◆ STORED DATA
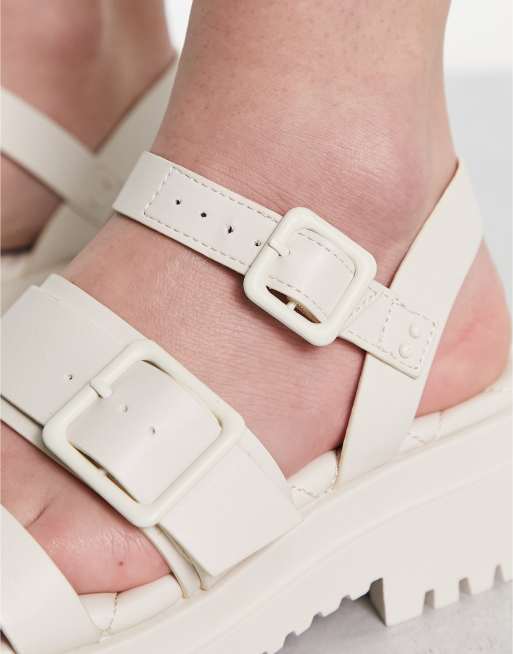 River Island double buckle sandal in cream ASOS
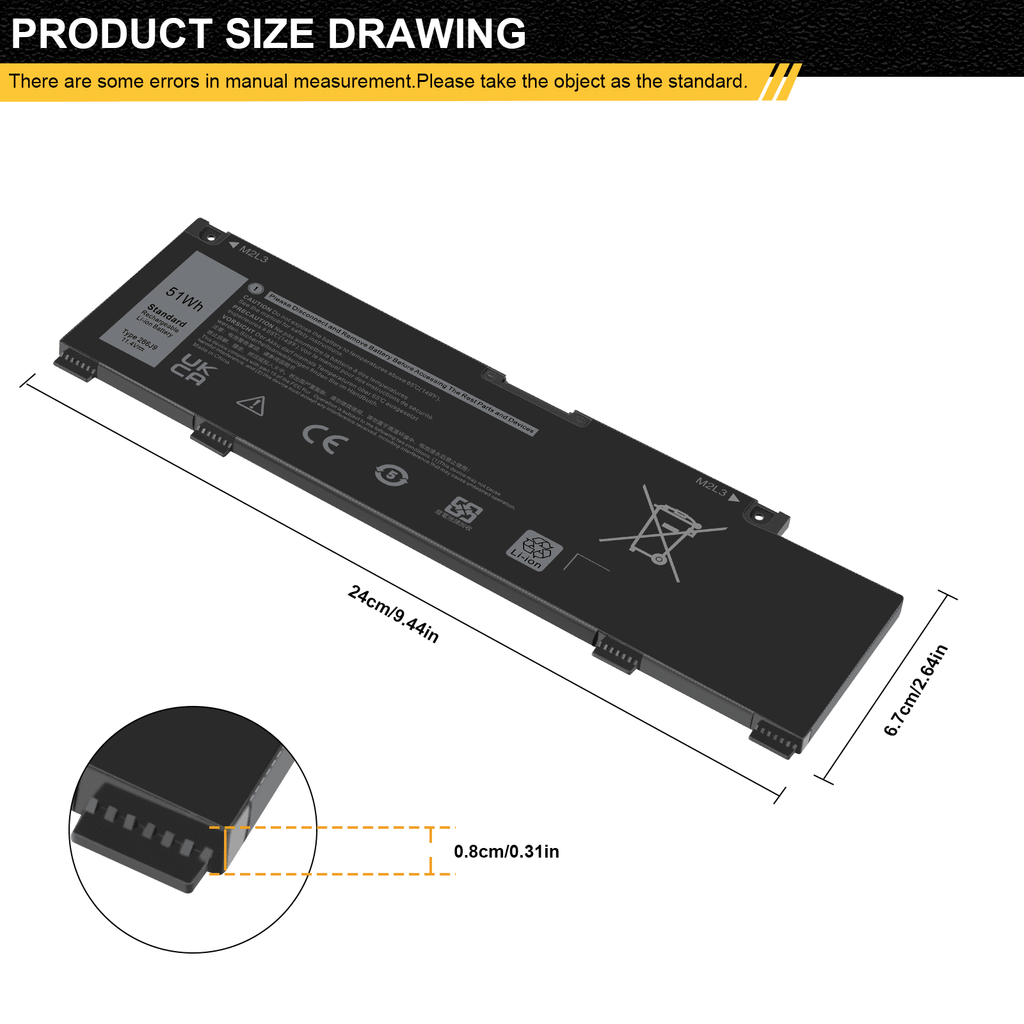SE New 3500 G5 266J9 3590 5500 15 G3 3700 3790 15 Dell Fits Battery for 5505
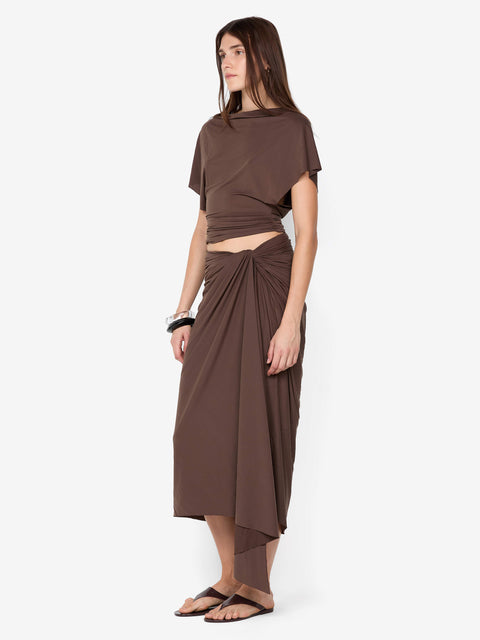 CLEMENTINE DRAPE SKIRT - MILK CHOCOLATE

◆ WHAT NEEDS TO BE DONE
When you write out the material again, keep every word exact and omit the pictures.

◆ RESULT OF THE EXERCISE
 River Island double buckle sandal in cream ASOS
SE New 3500 G5 266J9 3590 5500 15 G3 3700 3790 15 Dell Fits Battery for 5505
 CLEMENTINE DRAPE SKIRT - MILK CHOCOLATE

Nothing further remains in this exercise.